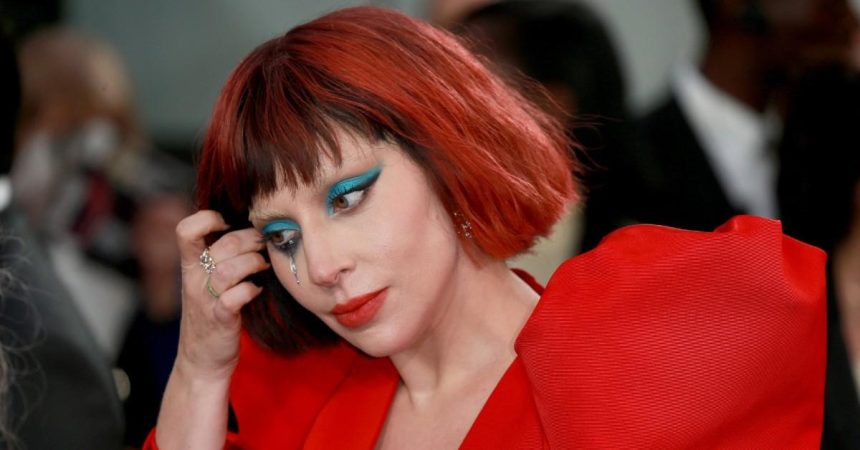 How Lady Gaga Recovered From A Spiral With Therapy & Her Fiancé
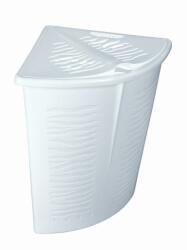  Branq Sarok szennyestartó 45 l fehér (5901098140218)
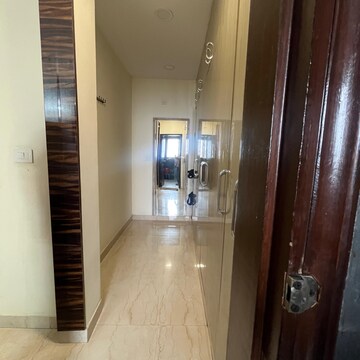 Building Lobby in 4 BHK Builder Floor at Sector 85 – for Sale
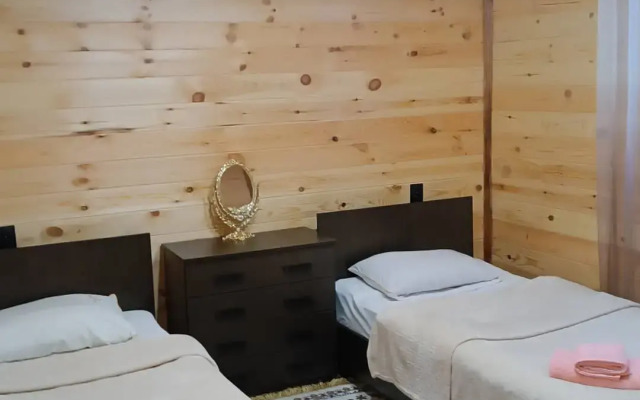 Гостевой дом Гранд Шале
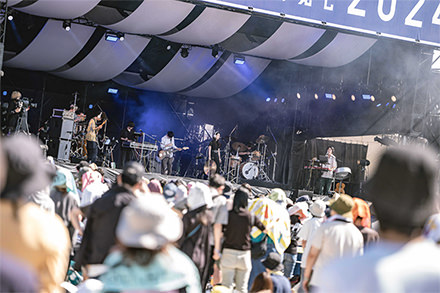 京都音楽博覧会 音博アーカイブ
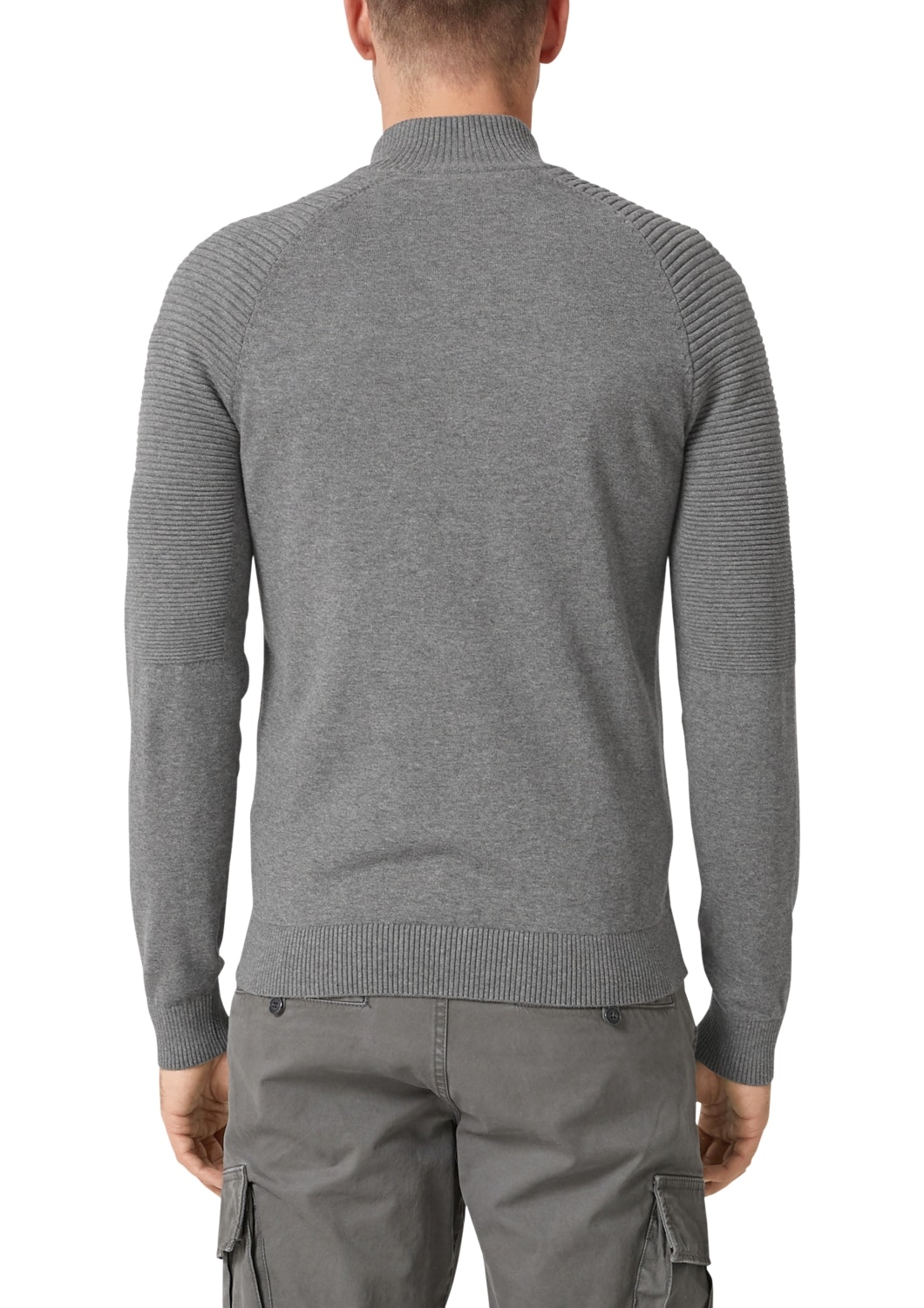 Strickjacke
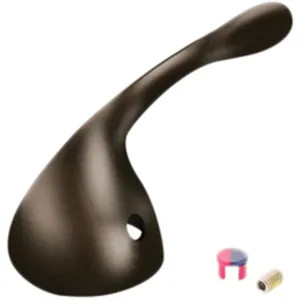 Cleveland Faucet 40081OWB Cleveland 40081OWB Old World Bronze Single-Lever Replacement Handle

-.-.-

Transcribe every entry above exactly as it stands, but skip the images.

▸ **Written reply**
 How Lady Gaga Recovered From A Spiral With Therapy & Her Fiancé
  Branq Sarok szennyestartó 45 l fehér (5901098140218)
 Building Lobby in 4 BHK Builder Floor at Sector 85 – for Sale
 Гостевой дом Гранд Шале
 京都音楽博覧会 音博アーカイブ
 Strickjacke
 Cleveland Faucet 40081OWB Cleveland 40081OWB Old World Bronze Single-Lever Replacement Handle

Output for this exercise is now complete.